Deutschland hat auf der Erdkugel eine günstige Lage. Mitteleuropa liegt im Westwindgürtel der Erde, daher gibt es während der Vegetationsperiode immer wieder einmal Kaltluft und einmal Warmluft. Das ergibt regelmäßige Niederschläge als Voraussetzung für Pflanzenwachstum. Es gibt bei uns keine extremen Abweichungen von langjährigen Mittel. In anderen Ländern ist es anders, wir entsinnen uns an die große Dürre im mittleren Westen der USA im Jahre 2012. Die USA und Kanada sind eine Kornkammer der Erde, sie exportieren insgesamt so viel Weizen, wie in Deutschland an Getreide geerntet wird. Eine Dürre hat es dort schon öfter gegeben, zum Beispiel in 1988, 2002, 2011 [5]. Warum verzichtet man bei uns mit günstigen klimatischen Verhältnissen und einer recht sicheren Ernte auf Nahrungserzeugung, um als Ersatz auf die Ernte aus Staaten mit unsichereren Verhältnissen zurückzugreifen?
Es wird viel über Wirkungsgrade diskutiert, der Wirkungsgrad unserer Kernkraftwerke mit ca. 33% wird als zu niedrig angeprangert. Natürlich gibt es besseres, zum Beispiel moderne Kohlekraftwerke  (bei Braunkohle BoA mit ca. 45%) und Gaskraftwerke mit über 50% (Irsching 5). In Deutschland haben moderne Kraftwerke oft einen Wirkungsgrad NULL, wenn sie wegen der Vorrangeinspeisung vom Strom von Wind und Sonne nach EEG still stehen müssen. Die Natur darf immer produzieren, die Pflanzen assimilieren immer, sie verwandeln Sonnenenergie in chemische Energie. Deren Wirkungsgrad variiert in einem großen Bereich zwischen 0,05% und 0,5%, je nach Boden, klimatischen Verhältnissen, Düngung, Pflanzenart. Kraftwerke mit 33% Wirkungsgrad werden still gelegt, beim Ersatz ist dieser gerade einmal ein Hundertstel — ist das Fortschritt?

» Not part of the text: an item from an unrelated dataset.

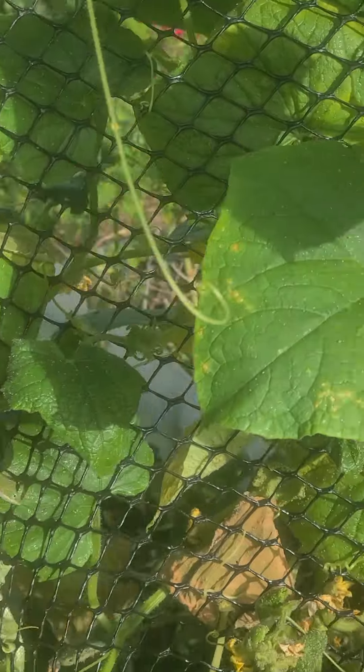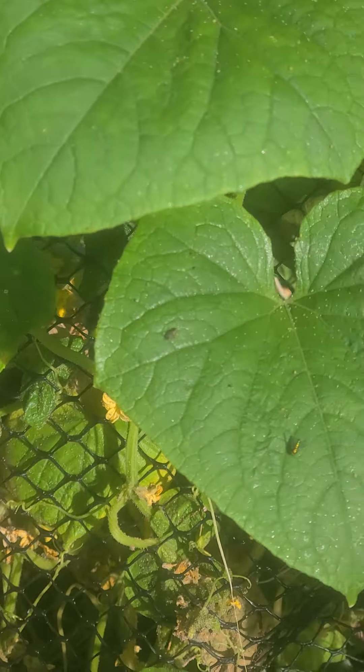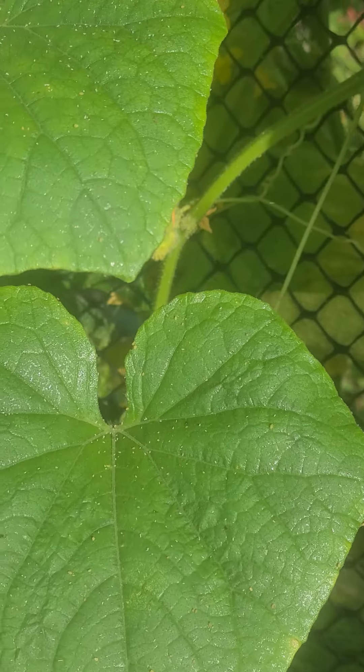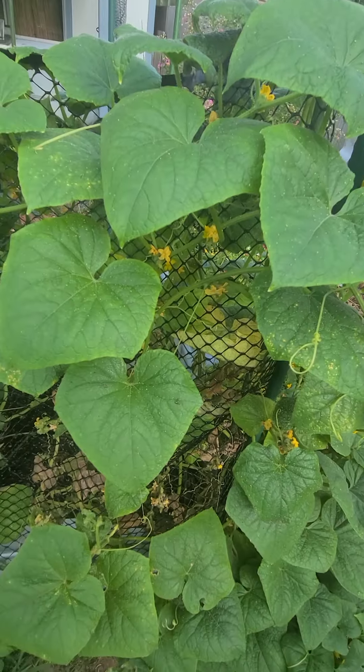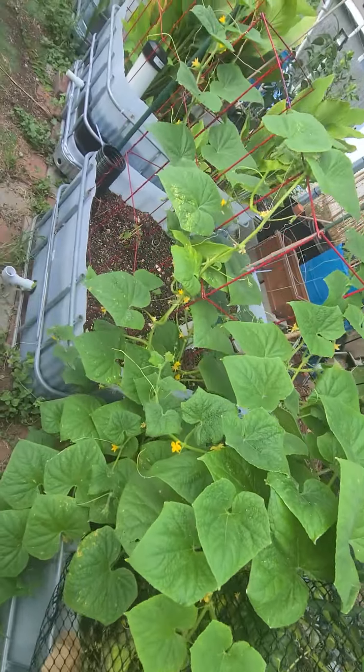I've got cucumbers growing everywhere on here now — some bigger ones in there, there's one right there, and a small one too. Without the pollinators there's no food. I'm getting some aphid damage on some of my leaves, so I might come out here and get some neem oil and spray everything down on the cucumber plant. But overall everything's looking good in the food forest.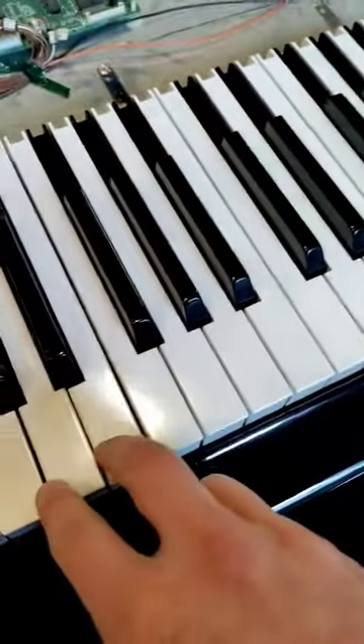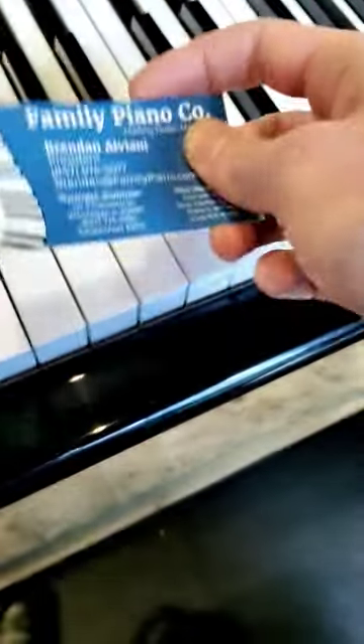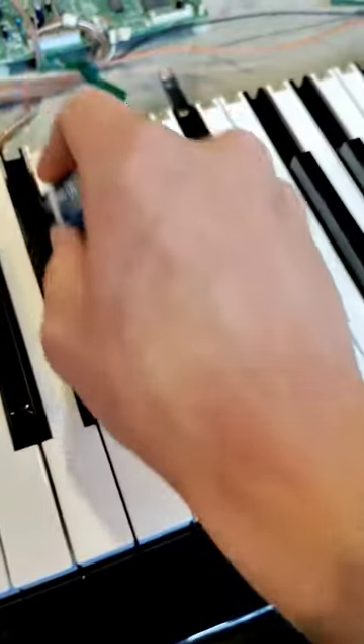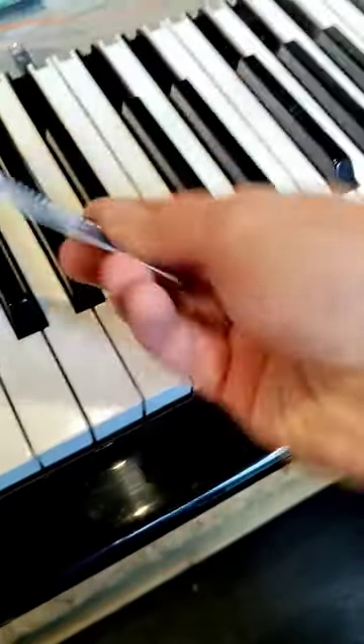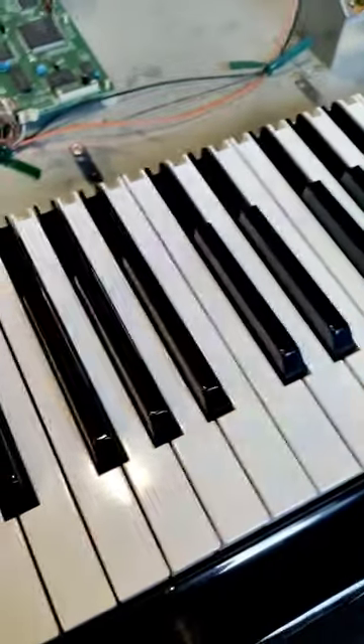Hi, this is Brennan with Family Piano. One of the things you can do if your piano is getting kind of dusty is you can actually take a business card or an envelope and just kind of put your card in here, and you can help pull up a surprising amount of hair and dust.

Was will Deutschlands Regierung?

In den neuen Beschlüssen der Regierung zum EEG von vor wenigen Tagen will die Regierung den Zubau im Rahmen des EEG begrenzen, bei Biomasse wird 100MW pro Jahr genannt. Was bedeutet das?
Mit 100MW (elektrisch) kann man bei 5000 Stunden im Jahr 500 Mill. kWh Strom erzeugen.
Beim Wirkungsgrad von einem Drittel sind dafür 1500 Mill. kWh an primärer Biomasse erforderlich.
Damit könnte man auch Lebensmittel für rund 1,5 Millionen Menschen erzeugen.
Deutschland will den globalen Lebensmittelmarkt weiterhin knapp halten, ihm jedes Jahr Nahrung für etwa eine weitere Million Menschen entziehen – warum?
Wäre es nicht nützlich, hier eine „Ethikkommission“ einzusetzen mit Sozialwissenschaftlern und Vertretern aus den Kirchen um mögliche Zusammenhänge mit dem Hunger auf der Welt, mit dem Aufbegehren der Armen, mit den Flüchtlingsströmen aufzuzeigen?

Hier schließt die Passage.